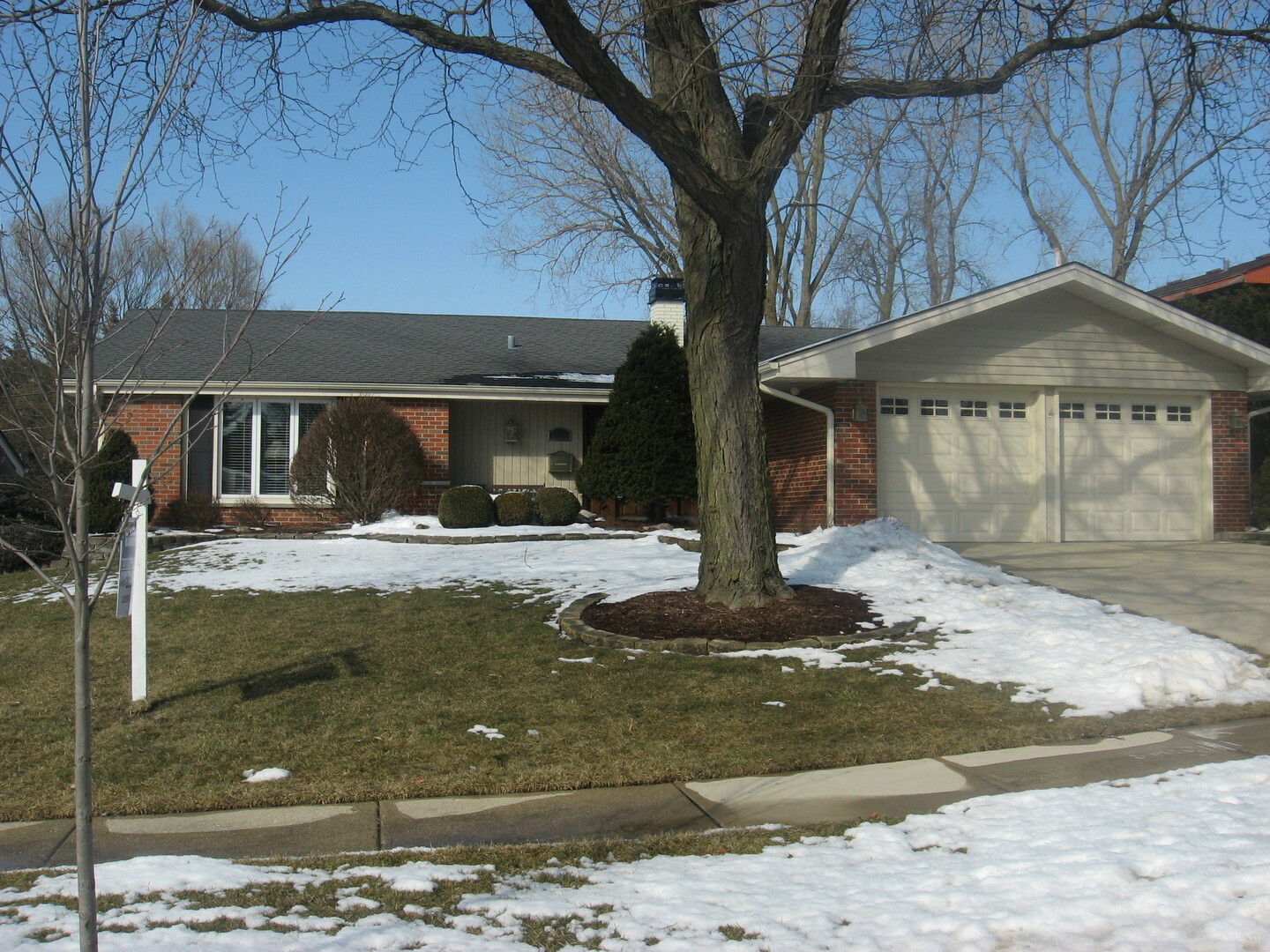 Property Photo:  1300 Rosedale Lane  IL 60169 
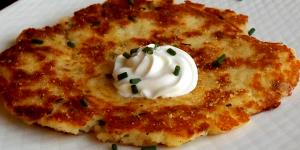 1 serving (4.6 oz) Potato Pancakes with Sour Cream Topping (1200)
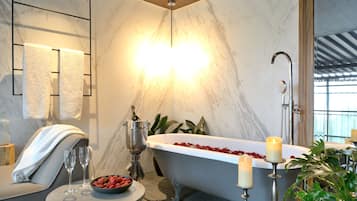 Ducha, artĂculos de tocador gratuitos, secador de pelo, pantuflas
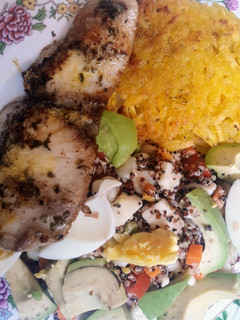 Una foto de Rosti papa con ensalada de quinua y pescado frito🇵🇪
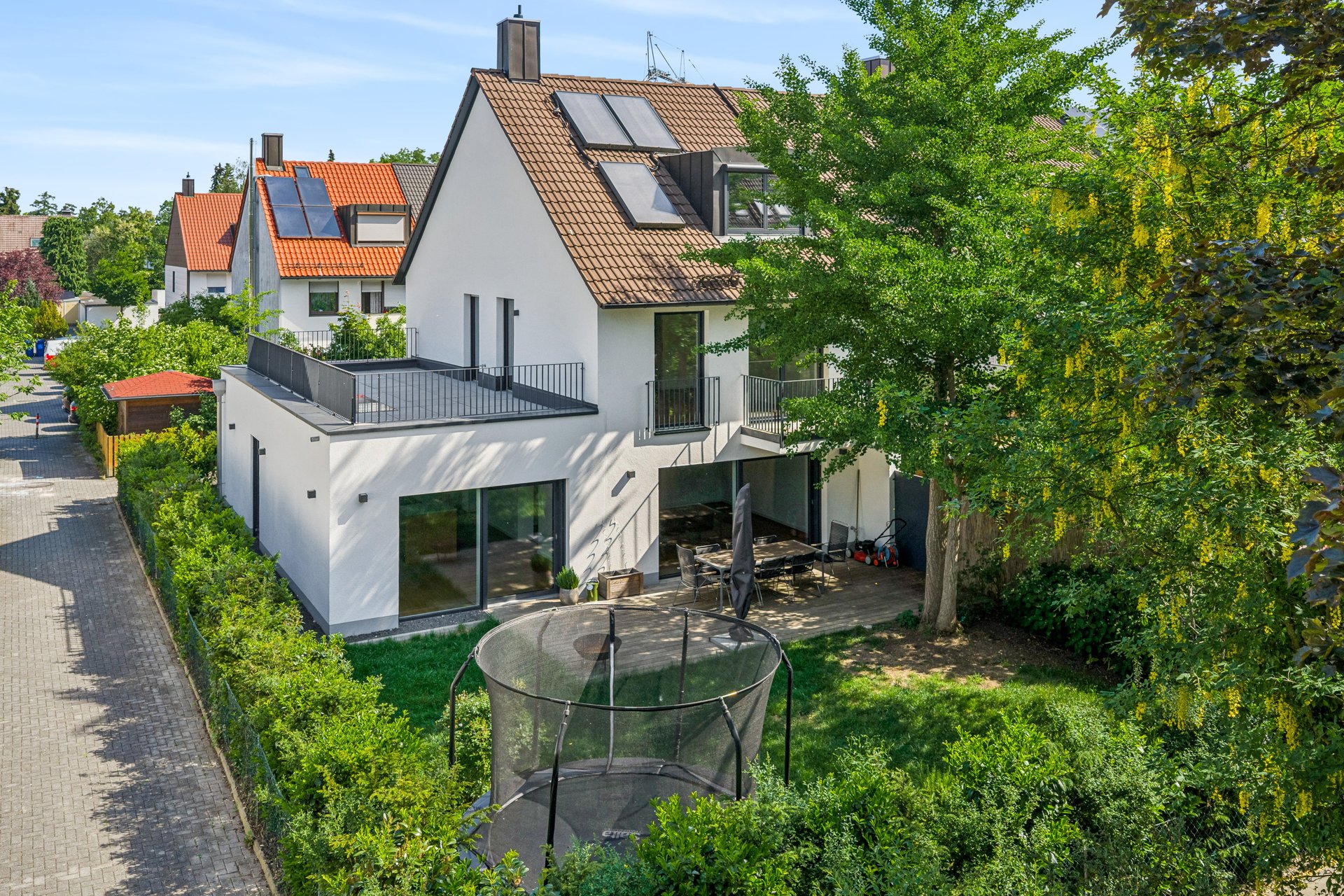 Modernes Familiendomizil mit traumhaftem Garten und Dachterrasse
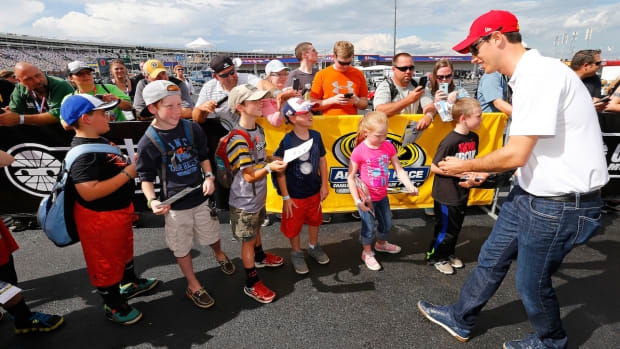 logano.jpg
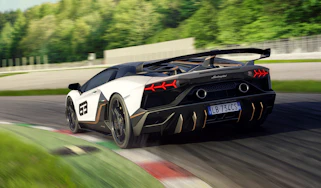 Lamborghini Aventador SVJ - rear quarter
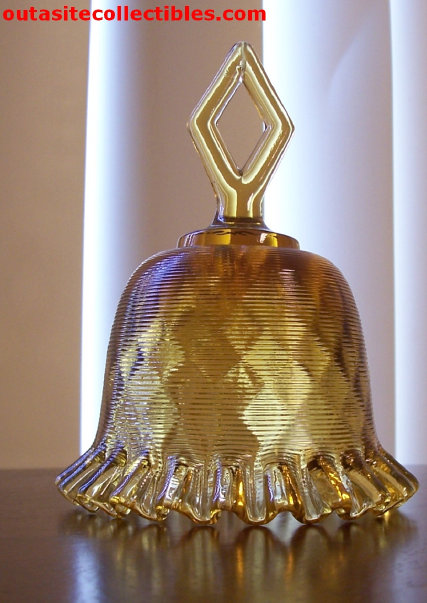outasite!!_collectibles_fenton_glass_bell_amber_ridged_glass001024.jpg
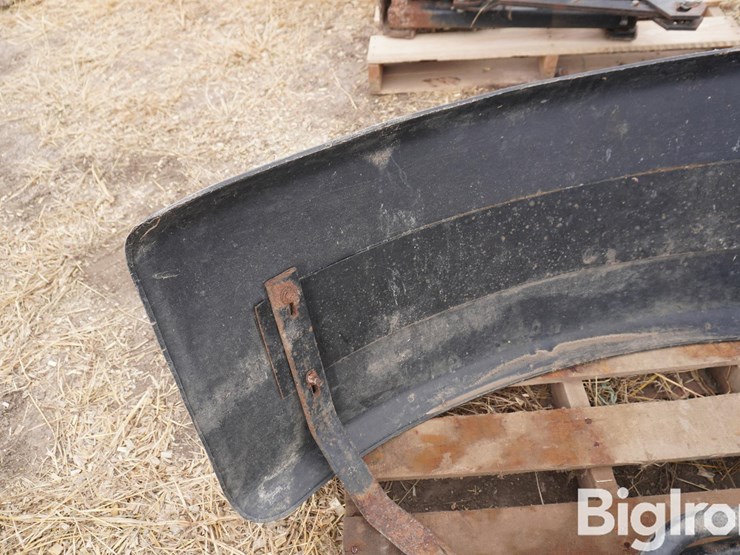 new-holland-super-steer-front-mfwa-fenders-image-13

----

#### Task:
Take the line containing "Ducha, artĂculos de" as the first and the last line of the records as the end. Print every line in that span exactly, leaving out pictures.

#### Reply to the exercise:
 Ducha, artĂculos de tocador gratuitos, secador de pelo, pantuflas
 Una foto de Rosti papa con ensalada de quinua y pescado frito🇵🇪
 Modernes Familiendomizil mit traumhaftem Garten und Dachterrasse
 logano.jpg
 Lamborghini Aventador SVJ - rear quarter
outasite!!_collectibles_fenton_glass_bell_amber_ridged_glass001024.jpg
 new-holland-super-steer-front-mfwa-fenders-image-13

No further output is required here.